OK serious review for prospective players.  As far as I'm aware, Washout Spire the first platform game programmed by June Flower, who has thus far made mostly slower-paced adventure/exploration/interactive games.  I haven't played them all but the common thread is some of the most appealing, vibrant pixel art you can find in indie games.  So I picked this up based on the art alone, because, just look at it.  Each preview image just oozes character.  I donated a little too but this kind of art is just priceless.  

Side note about the first impression the game, I'm sort of confused from a developer standpoint as to why it can't be made full screen, but the screen size is adjustable and the perma-windowed mode isn't really a big deal.  I just don't remember having this happen with other June Flower games that I played, though it's possible I'm remembering incorrectly.

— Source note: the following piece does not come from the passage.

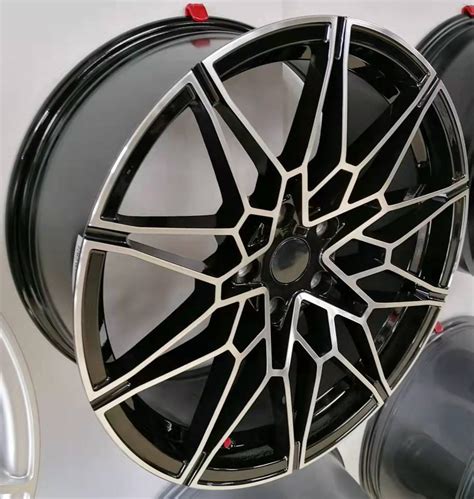 Bmw Alloy Wheels 826m 5x112 Red Power Motorsport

So anyway, onto the gameplay, arguably the most important part of a game in the way it affects player experience. I'm an avid platform gamer and this is one of the most difficult platformers I've ever played.  Not necessarily a bad thing; it's clear the creator enjoys tough and precise challenges and that's honestly just a preference.  The core gameplay is running, jumping, and wall jumping, brought quickly to extreme heights.  The difficulty is on par with the most difficult player-made challenges for games like N++, Super Meat Boy, the Knytt series, VVVVVV, or the ABC-sides of Celeste levels or La-Mulana's Hell Temple (just speaking on experience from games I've personally played, there may be better comparisons out there).  Thankfully if you read the Read Me, there's a keystroke cheat to make yourself invincible.  This makes the game accessible to anyone who isn't interested in hard-as-nails, high-reflex platforming, allowing for some more relaxed exploration of the game's pretty areas (a.k.a. all of them).  I used the cheat for most of the game, after beating levels 0 and 1 and getting stuck on a particularly lengthy segment of level 2 where you bonk your head on disappearing blocks.  My message to a general audience about the game who doesn't want to read any further would be, you can easily still enjoy this game and get something out of it even if you aren't good at platforming, due to the game's flexible design.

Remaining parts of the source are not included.